Beal traveled to California to attend the Second Magic in Antiquity Conference. His lecture, "Dividing a God," was based on his research for the Hittite dictionary draft of the verb sharra-. It explained that, with sharra- properly understood, the way to have two separate cult centers for the same deity was to have that deity divide his or her divinity and to have that allomorph of the original physically moved and/or coaxed through ritual actions into the new temple. Closer to home, in February he gave a lecture, "New Discoveries in Hittite Archaeology," to the South Suburban Archaeological Society in Homewood, Illinois. An article, "Hittite POWs," was completed for the Encyclopedia of POWs and Internment. He also completed a review of Trevor Bryce's very useful book The Kingdom of the Hittites for The Historian. He again spent part of his vacation reading Assyrian and Babylonian tablets in the British Museum to assist his wife, JoAnn Scurlock, with her works on Magico-Medical Means of Expelling Ghosts in Ancient Mesopotamia and on The Lost Medicine of Ancient Mesopotamia. They also spent down time photographing the Middle Eastern sections of the British Museum and the Islamic fantasy rooms of the home of Victorian painter Lord Leighton. Beal and Scurlock gave an illustrated talk, "Sultans and Seths, Rajputs and Rabaris," to the Oak Park Council on International Affairs, a talk that was repeated in Kansas City. While in Missouri, they journeyed to Lonejack to photograph the collections of the Nance Museum of the ethnography of Saudi Arabia and surrounding countries. They have also given specially tailored slide presentations on various aspects of the Islamic world to a number of college classes and high schools in the Chicago area.

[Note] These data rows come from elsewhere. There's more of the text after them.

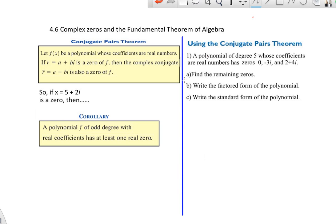Last part of the chapter. What we're going to do is work backwards now, so we're going to look at some factors and write polynomial functions for them. Part of that uses the Conjugate Pairs Theorem, and the Conjugate Pairs is fairly simple. It says if you have a zero at a plus bi, then its complex conjugate, a minus bi, is also a zero of f.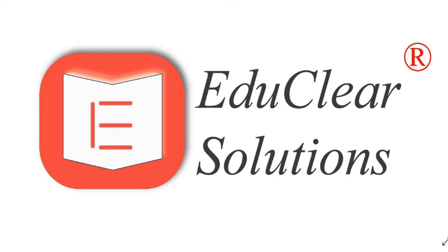Hi, so our company is EduClear Solutions. Earlier we started with the education sector, but now we are working in different verticals. So let me tell you first what is EduClear Solutions and what our company does.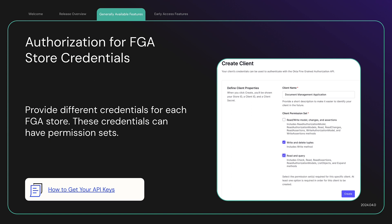Authorization for FGA Store Credentials. A store is an Okta fine-grained authorization entity used for organizing data needed to answer authorization checks. Today, a single credential is issued for each FGA store. However, in production scenarios, you may want to provide different credentials for specific applications.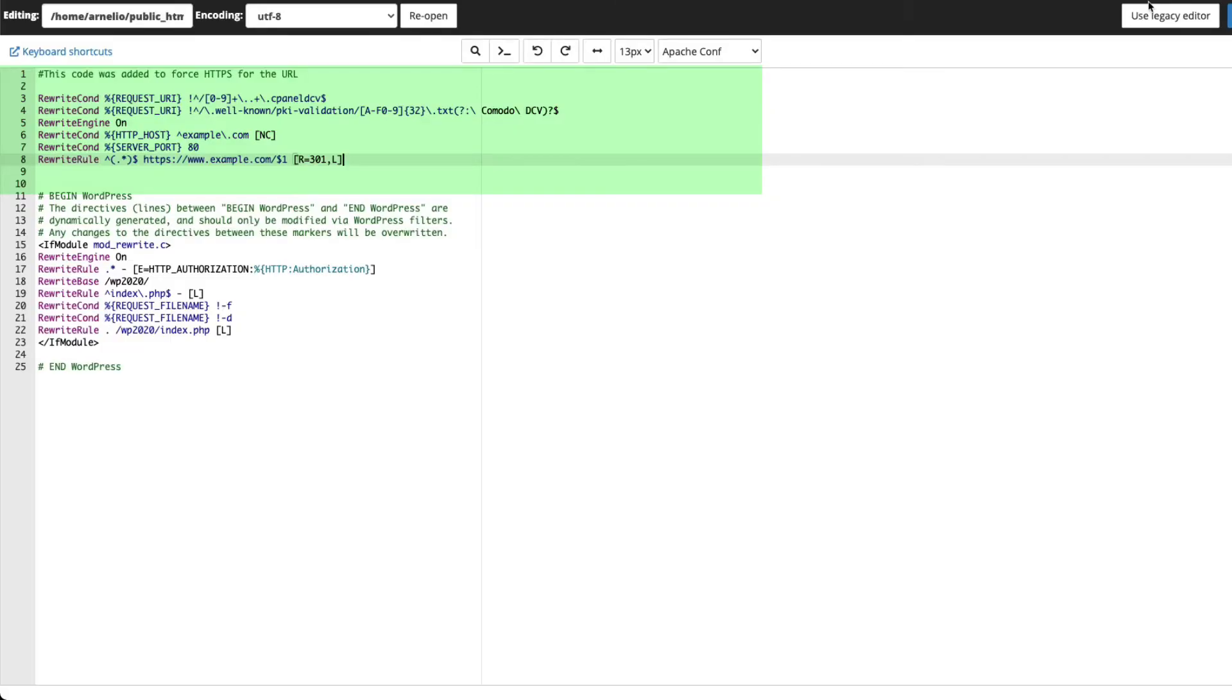There are many variations of this redirect code, including a version you can place in your home directory to redirect all sites on your account. Be sure to check out the article on forcing HTTPS linked in the description below for more information and troubleshooting tips.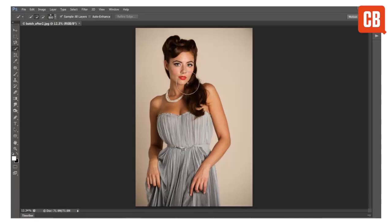It works by allowing you to paint a selection, but the tool is quite clever because it will snap onto edge details as you paint. So if I start to paint around the model here you can see how we can very quickly get a quite accurate selection of her outline.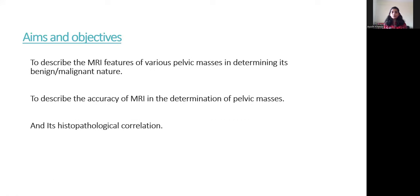Aims and Objectives: first, to describe the MRI features of various pelvic masses in determining their benign or malignant nature; second, to describe the accuracy of MRI in determination of pelvic masses; and third, histopathological correlation.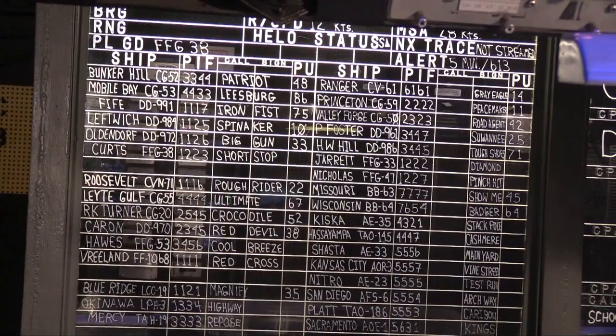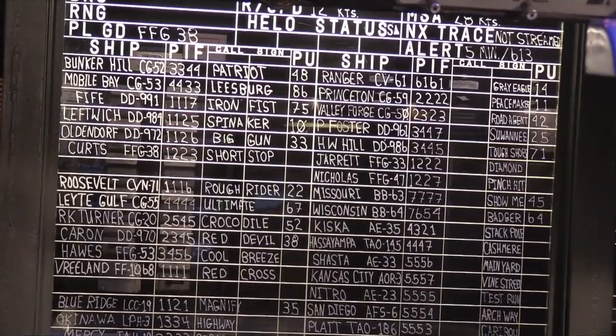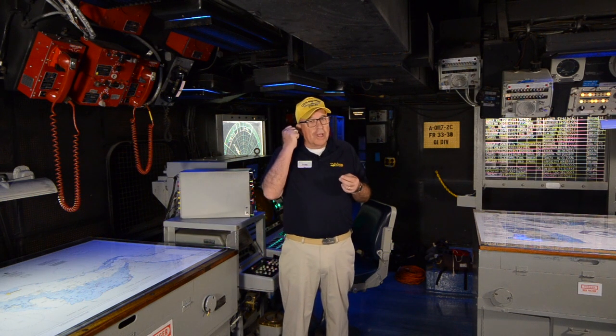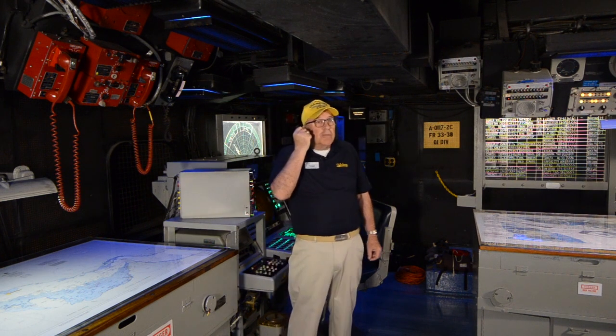I want to mention call signs — they're on this board right over here. We used call signs so we didn't have to use our real name; we didn't say 'Midway.' The call sign for the Midway was 'Schoolboy.' So a conversation would go: 'Schoolboy, this is Gold Eagle.' Sometimes we would even change our call signs every day, using a four-letter call sign like Alpha Bravo November X-ray as an example.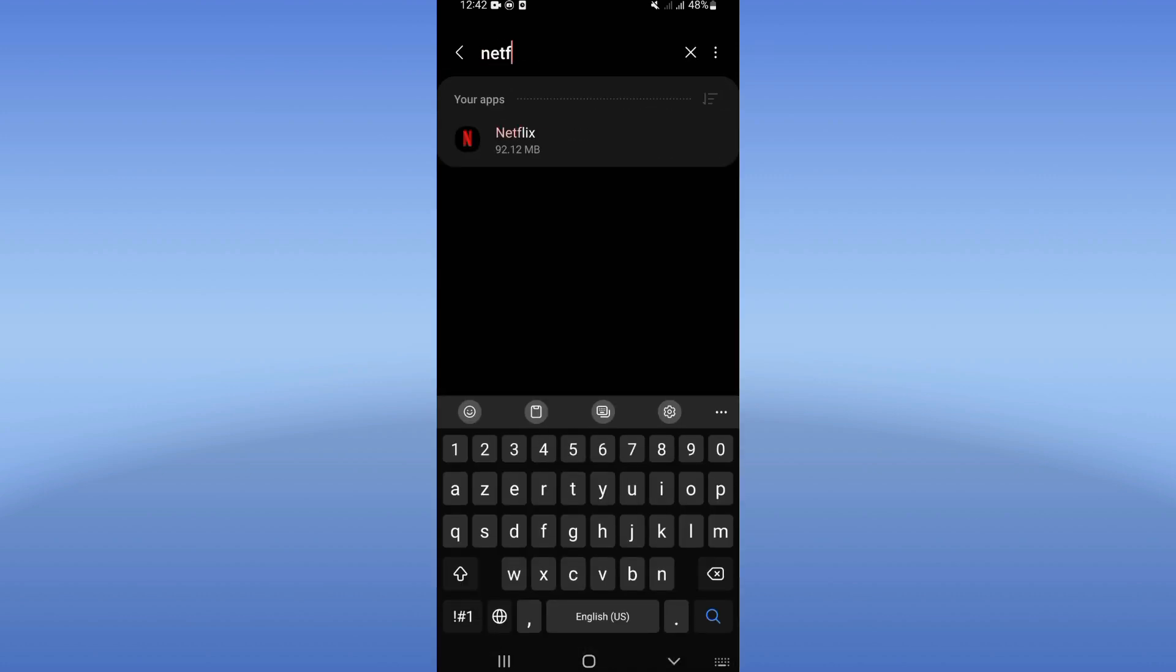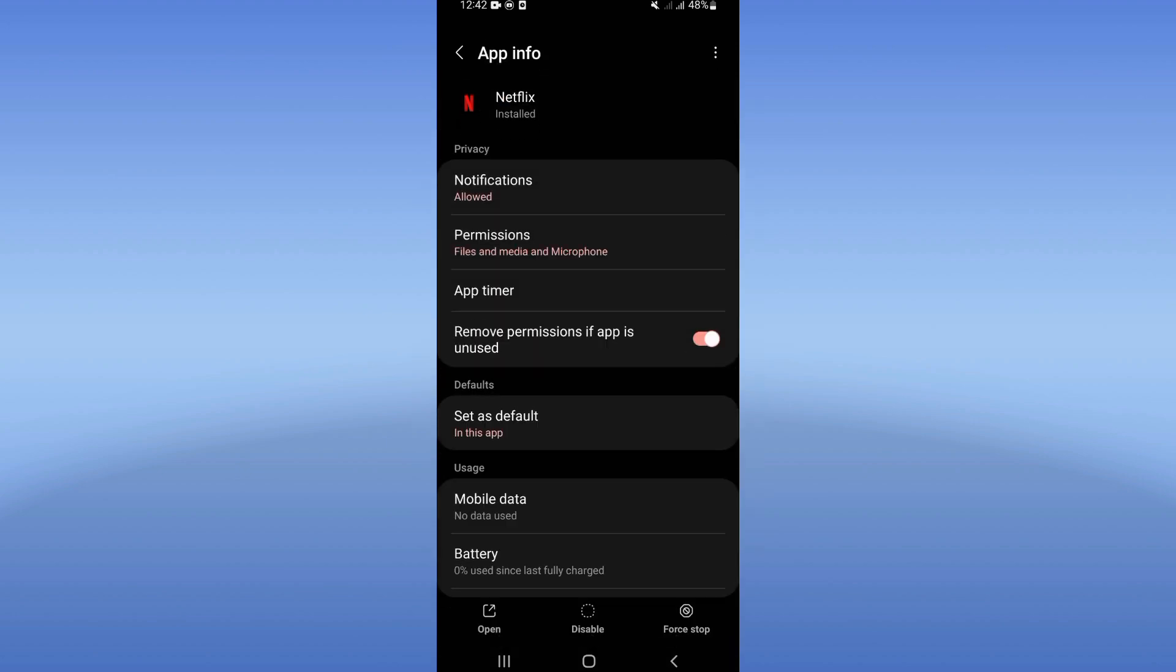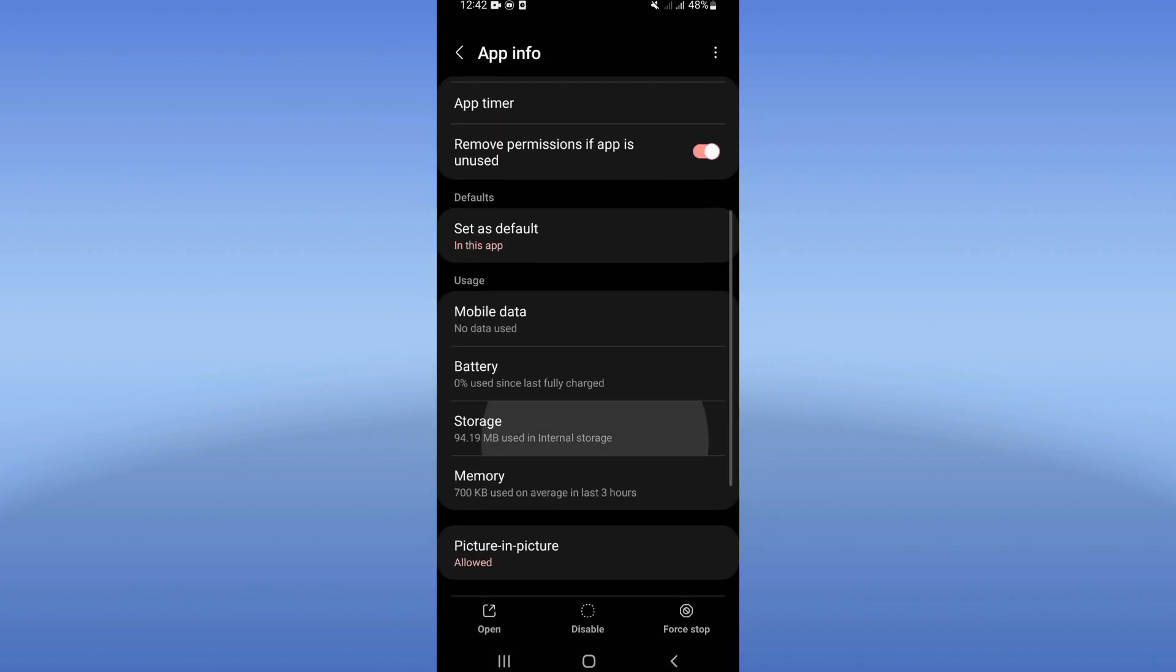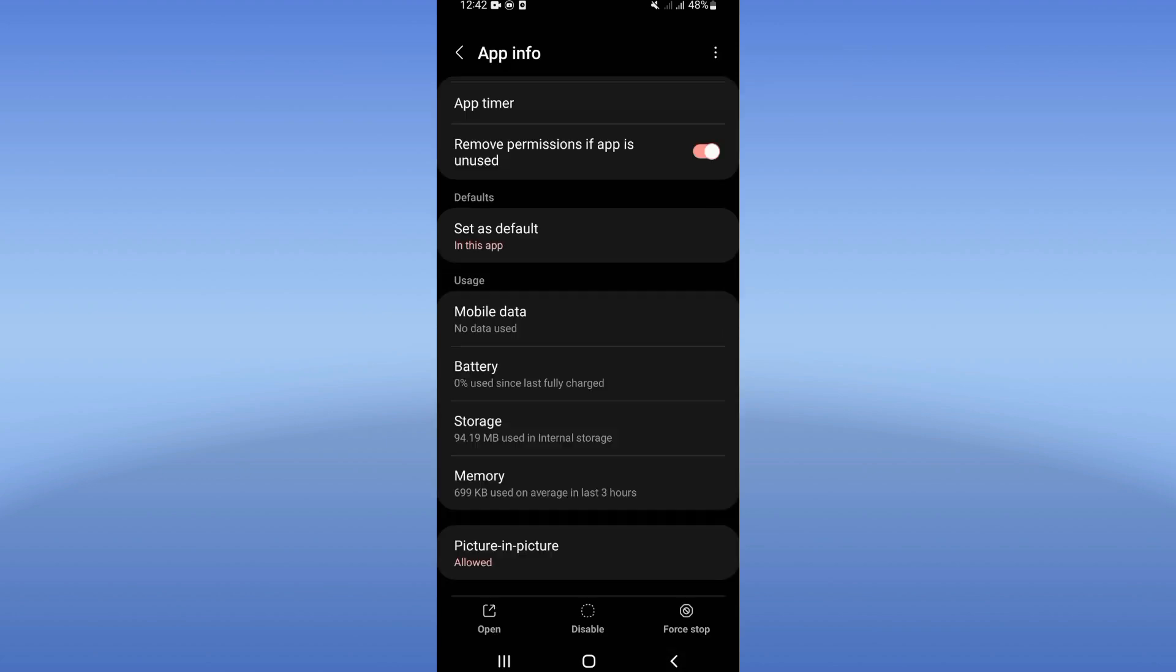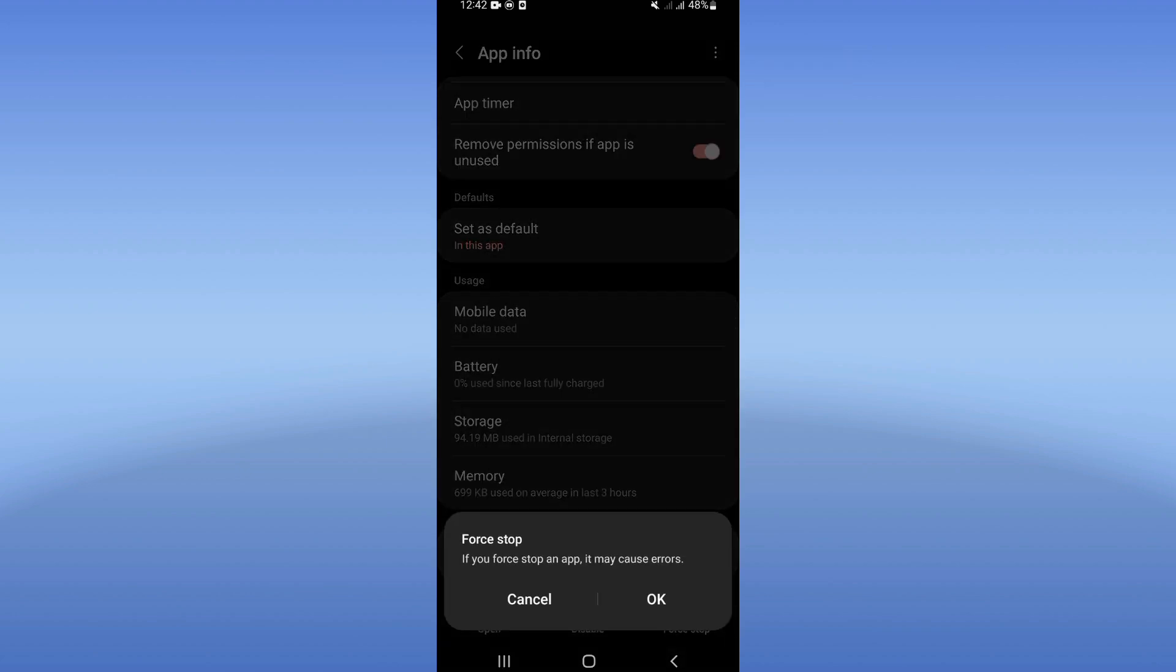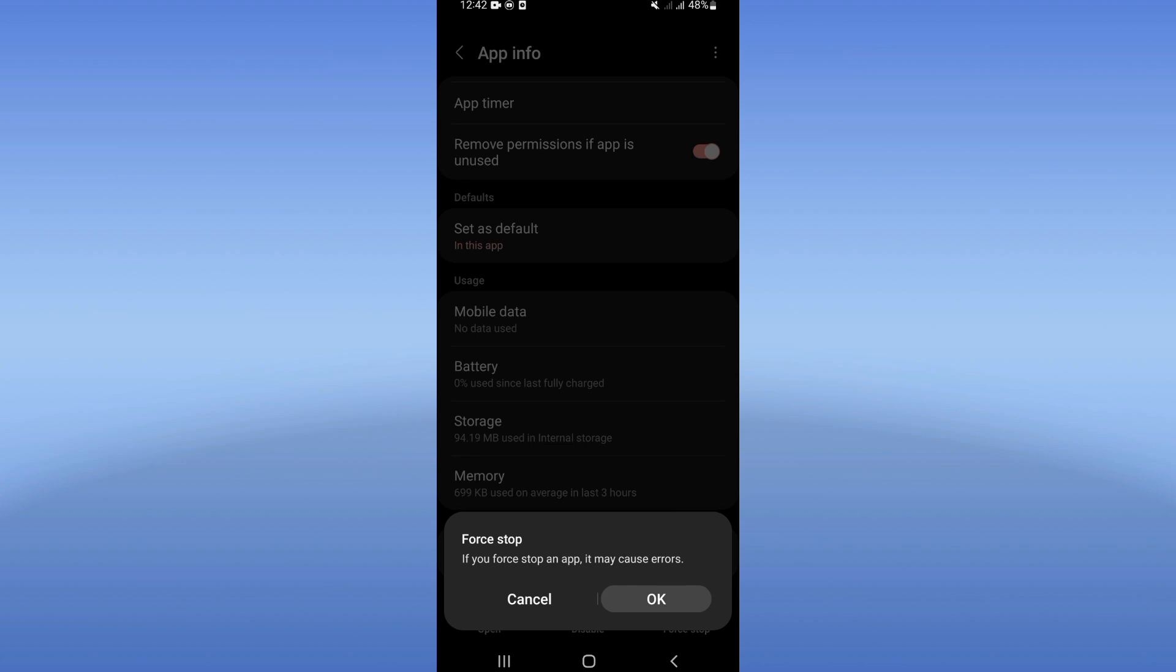Netflix. Click on it when you see it. Now click on the Storage option, click Clear Cache, and then go back. Click on Force Stop and click Okay.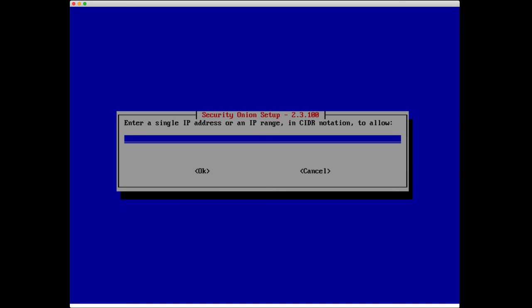I'm going to say yes, I need to do this. I'm going to say 192.168.80.0/24. This means that any system on the 80 subnet will be able to access the web console, at least pull it up. They still need to log in with a valid username and password.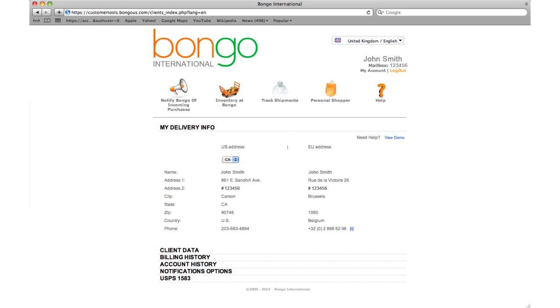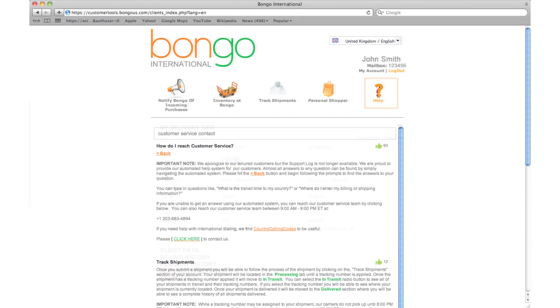If you're a Bongo member, log into your account and use the help section located at the top right of your screen. Many frequently asked questions are answered here for your convenience.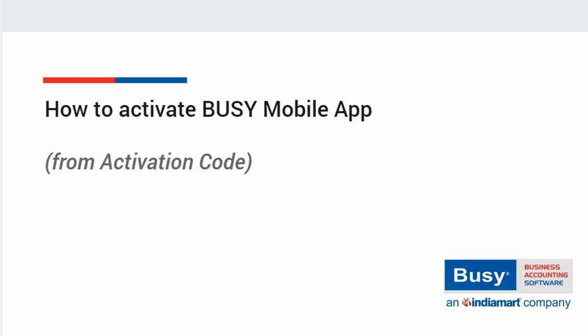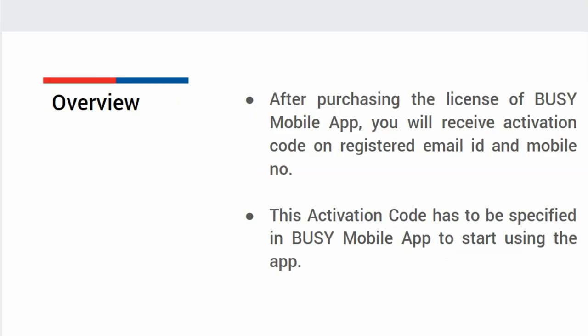How to activate Busy Mobile App from activation code. After purchasing the subscription of Busy Mobile App, you will receive an activation code on your registered email ID and mobile number. This activation code needs to be specified in Busy Mobile App and you are ready to use the app.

Beal and Scurlock also spent part of their vacation visiting many magnificent molded mud mosques in Mali. The intention was to extend their ever-growing slide library of Islamic civilization. Djenné's mosque and old town were, of course, the high point of the trip, but every town and village has a uniquely shaped locally constructed smaller version. The trip also included three days and nights sleeping atop very hard sacks of millet on a cargo boat on the Niger River to Timbuktu. An overnight trip to visit the old multi-towered mosque in Bobo Diolosso in Burkina Faso completed this phase of the trip. While in the area they also decided to visit the oasis town of Oualata in Mauritania, where women paint geometric designs on the house walls. Four days of photographing in the Louvre's Near Eastern galleries rounded out the trip.